Ultrafast dynamics and THz oscillation in [Co/Pd]8 multilayers

•The presession frequency of magnetization is found to be tunable by varying the Co layer thickness but the frequency of the acoustic wave remains constant.•The increase in demagnetizing time with the decrease in Co layer thickness can be attributed to the inc rease in the spin–orbit interaction at the Co/Pd interface, which may affect the phonon mediated Elliott-Yafet type spin-flip scattering.•THz emission is observed following the demagnetization of the MLs and is proposed to be originated from the excitation of the THz transient phonons in the MLs.•A significant variation in the THz bandwidth is achieved by simply changing the magnetic layer thickness (tCo) of the ML which in turn changes the anisotropy of the system whereas the THz peak frequency remains constant around 2.0 THz.•The excitation of THz transient phonons as the origin of emitted THz radiation is proposed.

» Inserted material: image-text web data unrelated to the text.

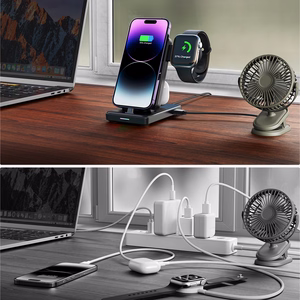 Joyroom JR-WQS02 iPhone AirPods Apple Watch 4in1 latausteline taitettava - musta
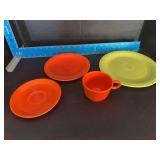 4pcs Homer Laughlin China Co Fiesta includes teacup & saucer, 7.25” plate and 9.5” plate,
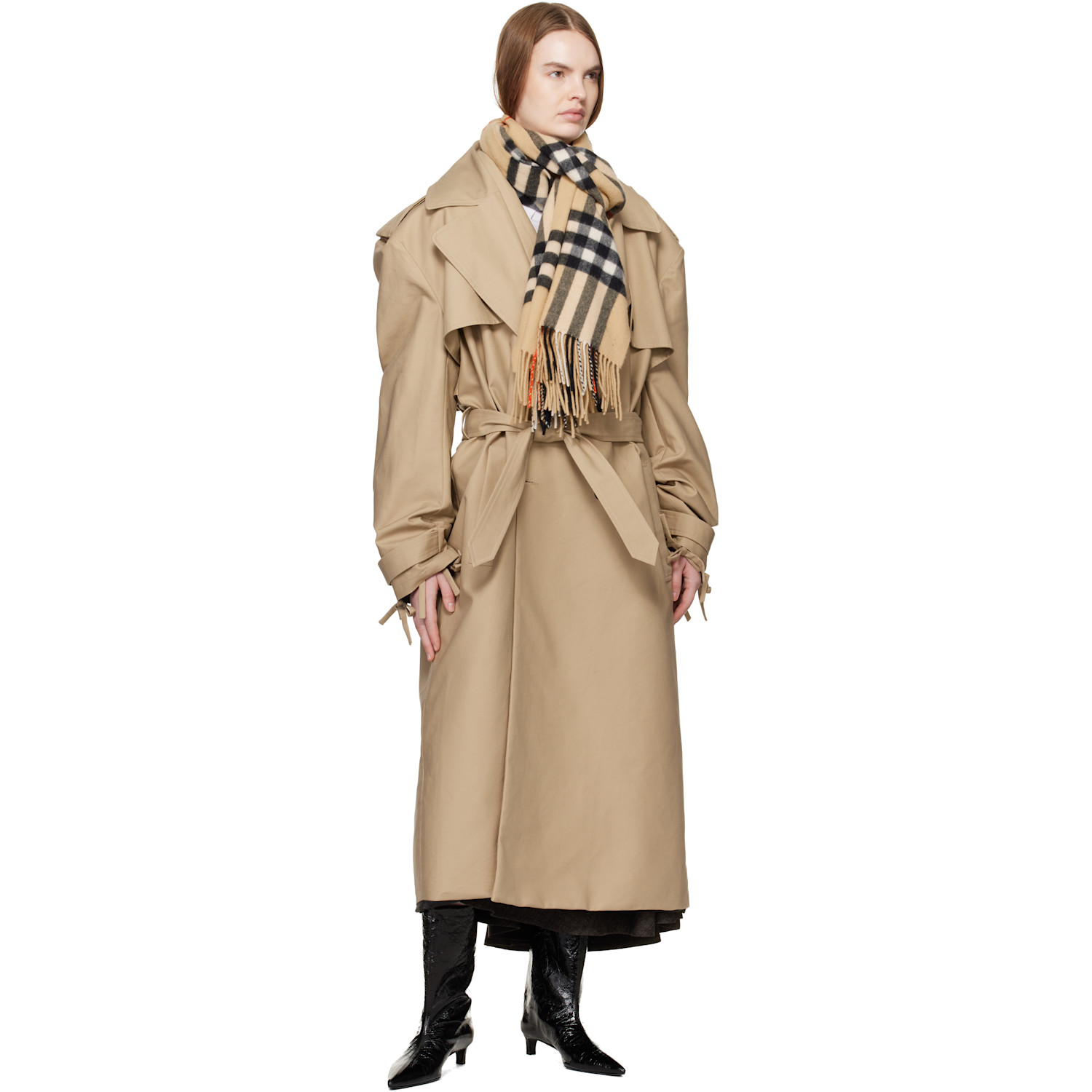  Burberry Beige Wide Cross Stitch Ekd Check Cashmere Scarf 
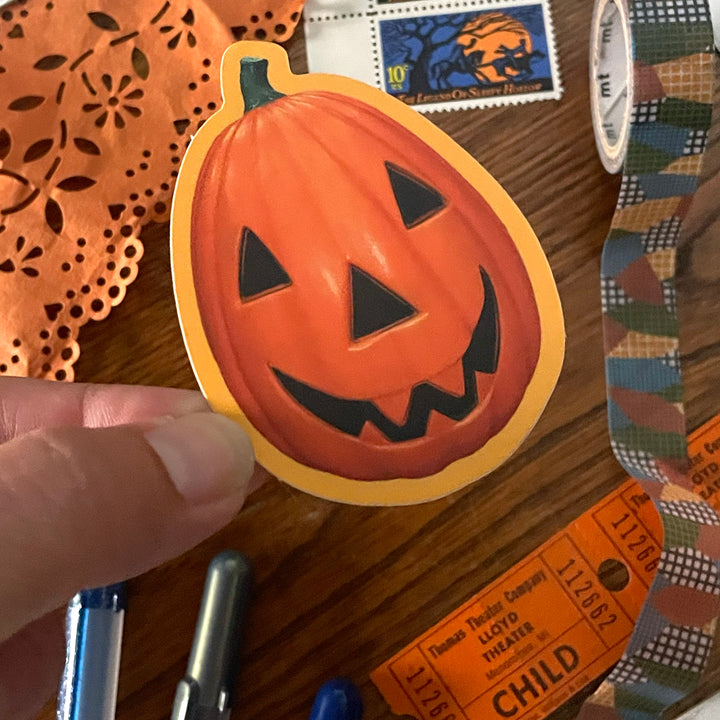 vintage pumpkin blowmold sticker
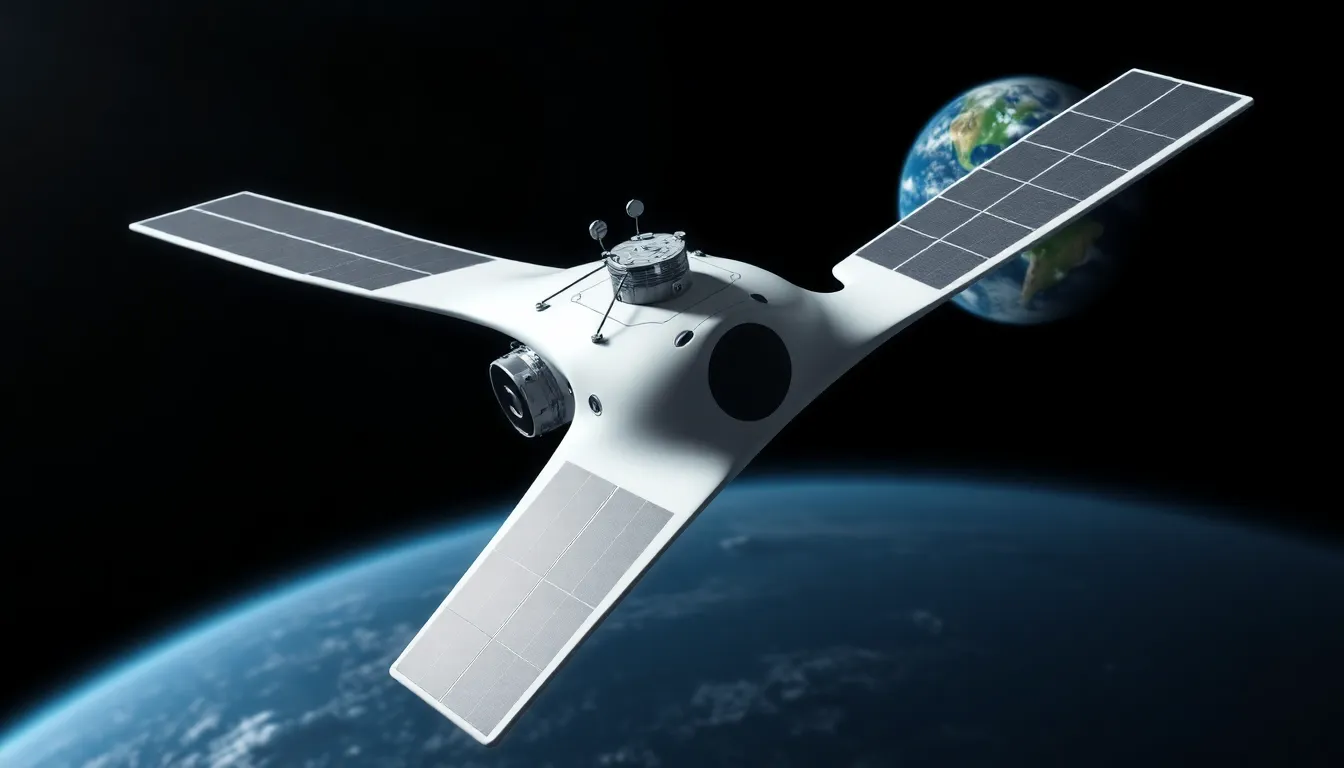 futuristic satellite in space with Earth in the background.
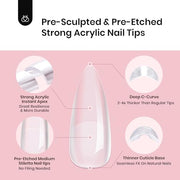 Beetles Tipex Instant Apex Nail Tips, Medium Stiletto 192pcs 16 Sizes 00-14 | No Builder Gel Needed, Etched-free Thicker Strong Acrylic Nails for DIY Salon-look Fake Nail Extensions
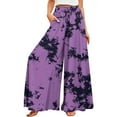 thumbnail image 1 of YDKZYMD Wool Pants Women Wide Legs Elastic Boho Ruffle Drawstring Pants Floral Palazzo Beach Loose Petite with Pocket Trousers Summer Comfy Plus Size Casual Pants Purple 3XL, 1 of 4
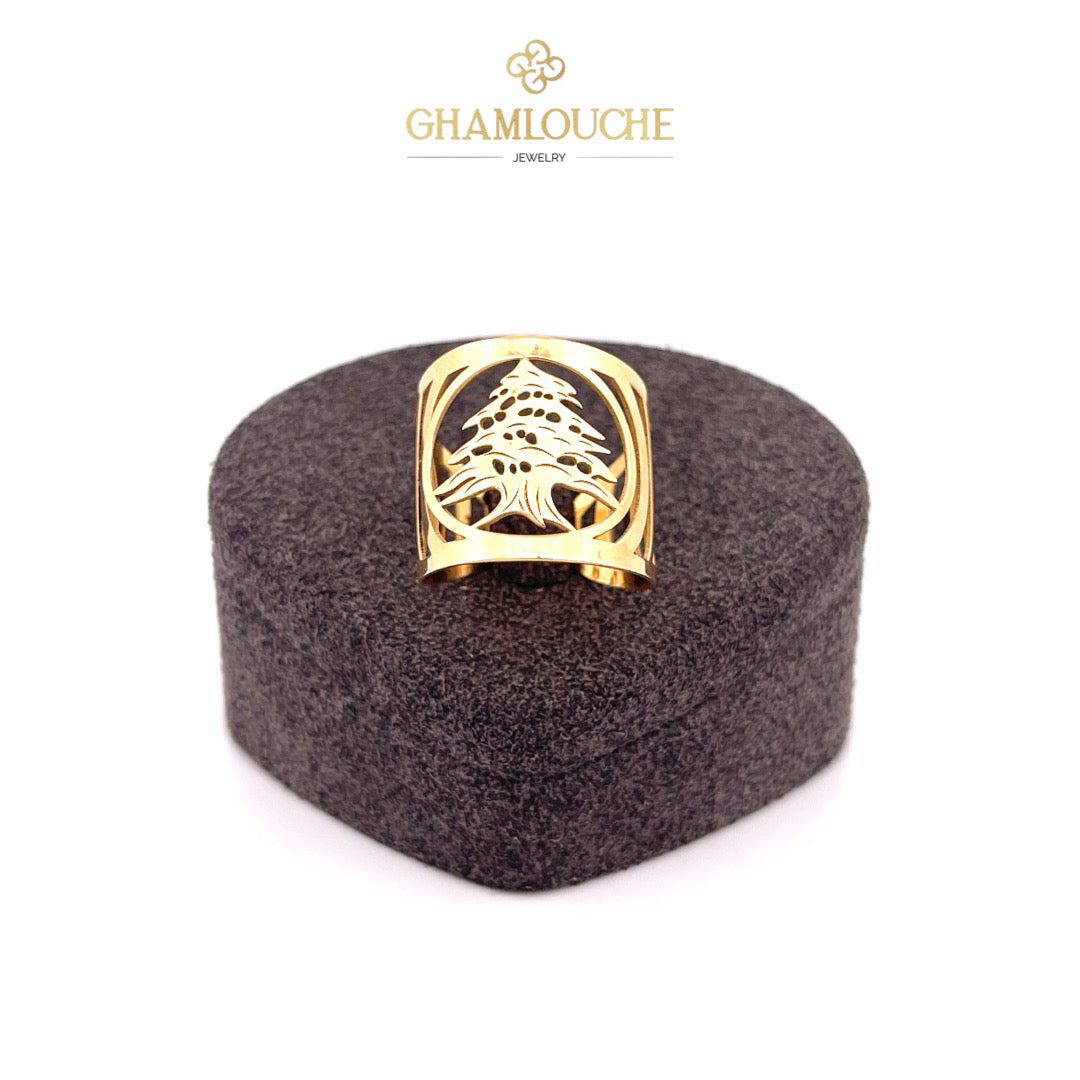 18K Gold Lebanese Cedar Ring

We report the experimental observation of ultrafast demagnetization associated with a significant terahertz (THz) emission in [Co/Pd]8 multilayers (MLs) with strong perpendicular magnetic anisotropy (PMA) by using a time-resolved magneto-optical Kerr effect (TR-MOKE) magnetometer. The THz emission is associated with subsequent remagnetization which is coupled with a collective picosecond magnetization dynamics and generation of acoustic waves in these multilayers. The demagnetization time increases slightly with decreasing Co layer thickness, while no such clear trend is observed in remagnetization timescales. The anisotropy field and corresponding precession frequency show systematic increase with the decrease of Co layer thickness. However, the acoustic wave frequencies remain unchanged with Co layer thickness. The inverse of the full width at half maximum of the THz radiation varies systematically with the anisotropy field, whereas the THz peak frequency remains almost constant at around 2 THz. The origin of THz radiation is explained in terms of excitation of THz transient phonons.